### Problem to work on
If a line in the records below contains the word "Steel", return that line.

### Extracted information
# # #

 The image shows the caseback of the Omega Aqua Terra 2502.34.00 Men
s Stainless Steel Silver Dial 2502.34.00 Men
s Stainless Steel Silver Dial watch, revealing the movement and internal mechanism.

# # #

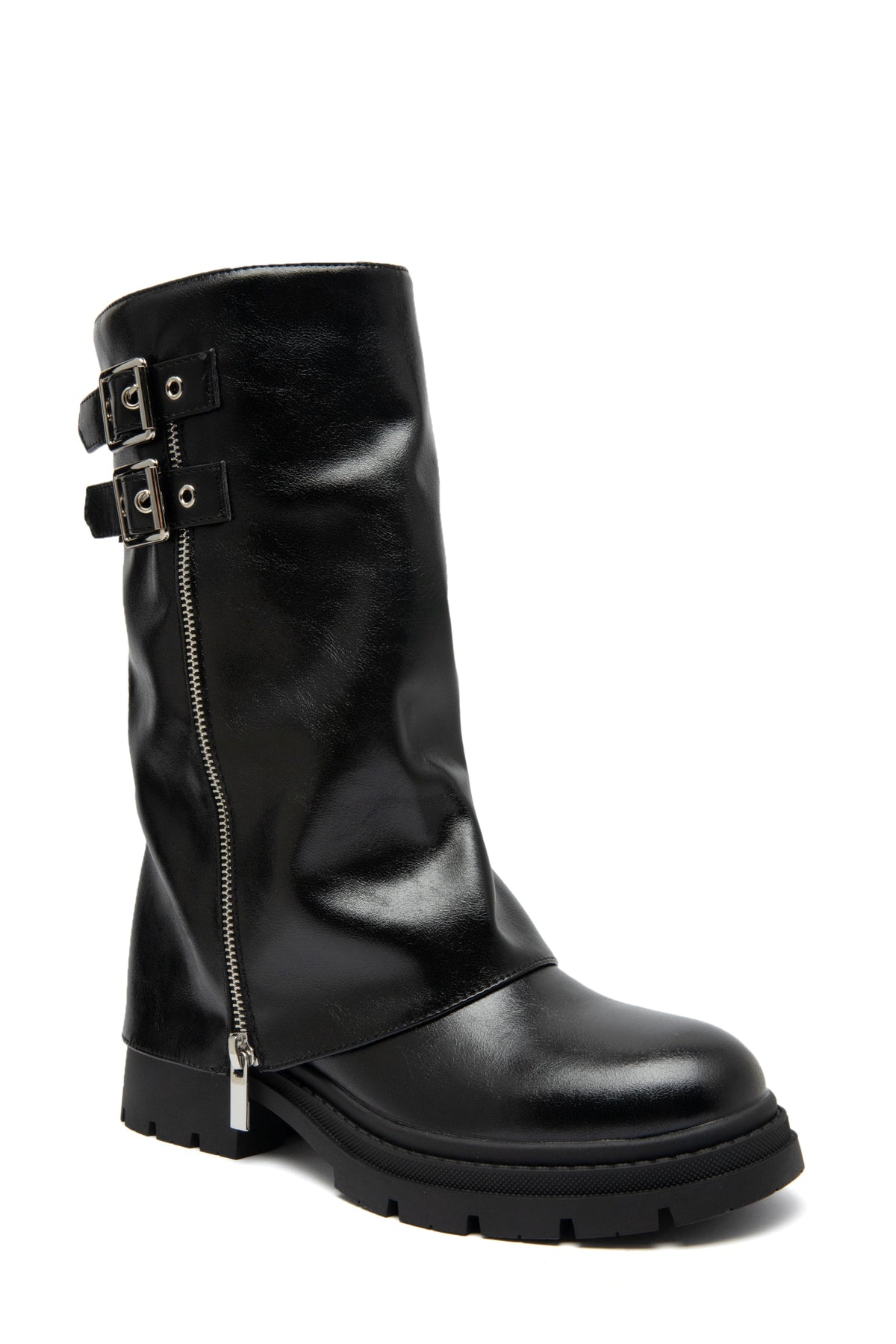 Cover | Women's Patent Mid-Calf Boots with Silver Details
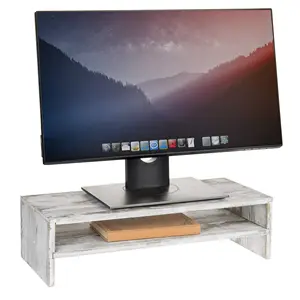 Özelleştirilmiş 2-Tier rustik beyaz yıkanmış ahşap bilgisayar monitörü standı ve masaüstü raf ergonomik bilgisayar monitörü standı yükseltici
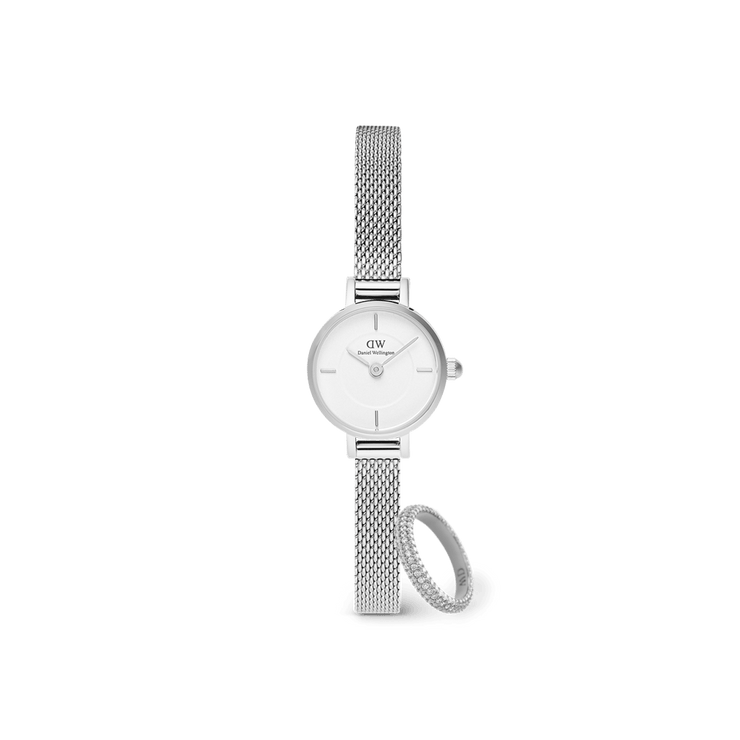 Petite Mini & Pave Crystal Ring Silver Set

# # #

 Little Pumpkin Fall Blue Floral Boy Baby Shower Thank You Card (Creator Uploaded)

# # #

### Task output
s Stainless Steel Silver Dial 2502.34.00 Men
s Stainless Steel Silver Dial watch, revealing the movement and internal mechanism.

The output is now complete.